Fibroblast Growth Factors for Nonalcoholic Fatty Liver Disease: Opportunities and Challenges

Abstract

Nonalcoholic fatty liver disease (NAFLD), a chronic condition associated with metabolic dysfunction and obesity, has reached epidemic proportions worldwide. Although early NAFLD can be treated with lifestyle changes, the treatment of advanced liver pathology, such as nonalcoholic steatohepatitis (NASH), remains a challenge. There are currently no FDA-approved drugs for NAFLD. Fibroblast growth factors (FGFs) play essential roles in lipid and carbohydrate metabolism and have recently emerged as promising therapeutic agents for metabolic diseases.
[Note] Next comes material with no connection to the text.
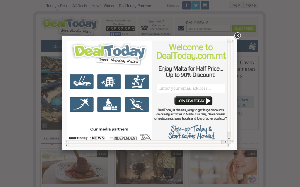 Visita lo shopping online di DealToday Malta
Among them, endocrine members (FGF19 and FGF21) and classical members (FGF1 and FGF4) are key regulators of energy metabolism. FGF-based therapies have shown therapeutic benefits in patients with NAFLD, and substantial progress has recently been made in clinical trials. These FGF analogs are effective in alleviating steatosis, liver inflammation, and fibrosis. In this review, we describe the biology of four metabolism-related FGFs (FGF19, FGF21, FGF1, and FGF4) and their basic action mechanisms, and then summarize recent advances in the biopharmaceutical development of FGF-based therapies for patients with NAFLD.
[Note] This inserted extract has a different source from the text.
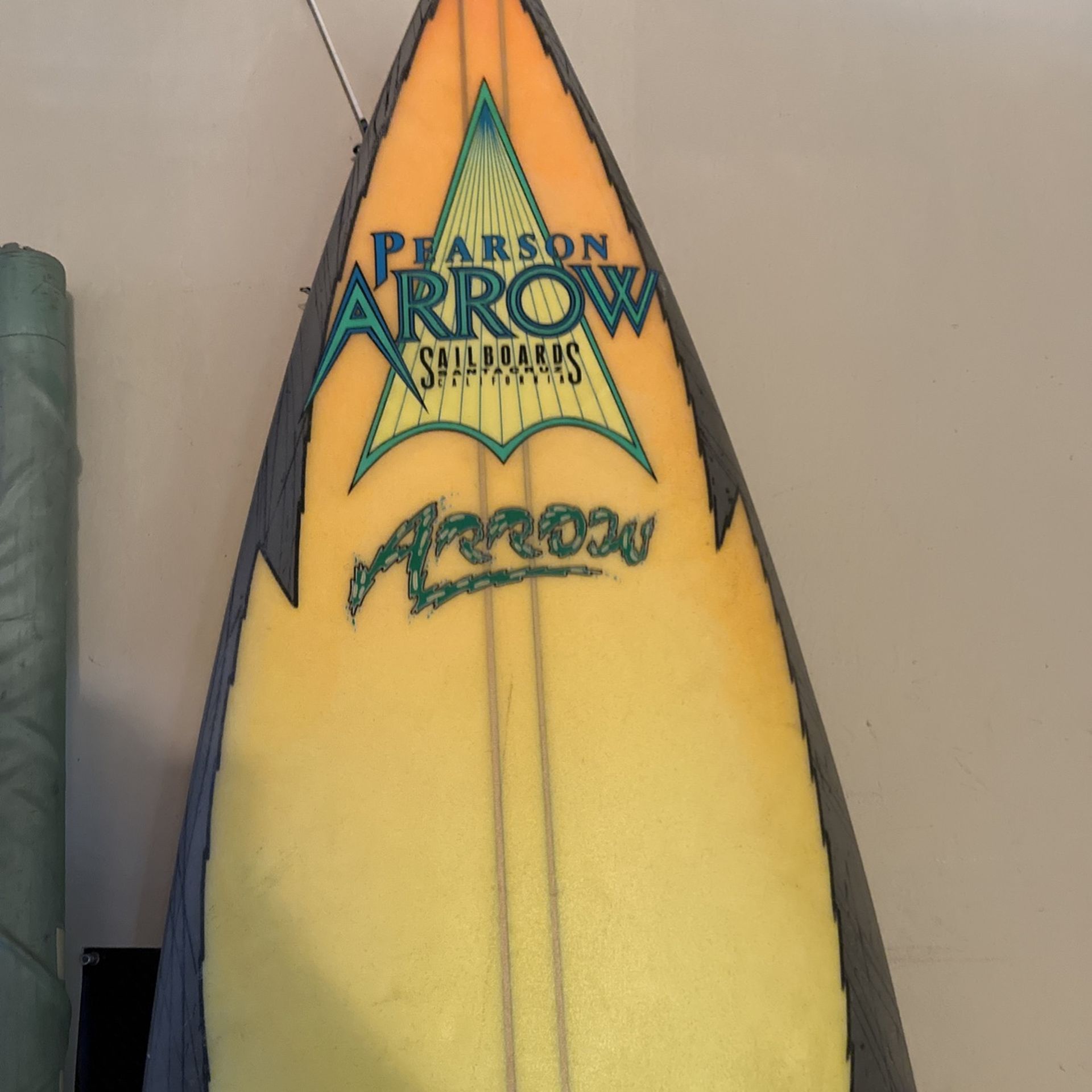 Pearson Arrows Wind Board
Keywords: FGF-based therapeutics; fibroblast growth factors; nonalcoholic fatty liver disease; nonalcoholic steatohepatitis.

Figure 1

The rationale for fibroblast growth factors (FGFs) in the treatment of nonalcoholic fatty liver disease (NAFLD). FGF19 usually binds to the FGFR1c or FGFR4/β-Klotho complex to enhance lipid metabolism that can alleviate NAFLD. FGF19 inhibits the orphan nuclear receptor small heterodimeric partner (SHP)-dependent cholesterol 7α hydroxylase (CYP7A1) to prevent BA-induced liver injury in NASH. For glycometabolism, FGF19 inhibits gluconeogenesis by suppressing the cAMP response element-binding protein (CREB)/peroxisome proliferator-activated receptor γ coactivator 1-α (PGC1α) signaling cascade. Meanwhile, in FGF19 transgenic mice, it was observed that FGF19 could transform normal hepatocytes into malignant cells via IL-6 by activating the STAT-3 pathway. FGF21 usually recruits β-Klotho and FGFRs (FGFR1c, FGFR2c, or FGFR3c) as coreceptors for activation, to reduce lipid deposition in hepatocytes in a non-insulin way, and the FGF21 receptor agonists can inhibit liver inflammation, fat content, and liver fibrosis in the in vitro and in vivo models of liver fibrosis and NASH. Physiological doses of FGF21 can reduce the body weight, and fat content can also alleviate insulin resistance, hyperglycemia, and dyslipidemia. In the NASH mice model, the administration of recombinant FGF1 (rFGF1) ameliorated liver inflammation and hepatocyte injury, and FGF1 normalized the blood glucose levels of both gene- and diet-induced obese mice. FGF4 is also essential in regulating glucose and lipid metabolism, as well as maintaining systemic metabolic homeostasis, which can ameliorate insulin resistance and inhibit the infiltration and the development of inflammation. FGF4 acts directly on macrophages to block inflammatory responses in the liver and adipose tissue. rFGF4^ΔNT, a non-mitotic rFGF4 analog, can have a significant protective effect on NASH through an AMPK-dependent signaling pathway.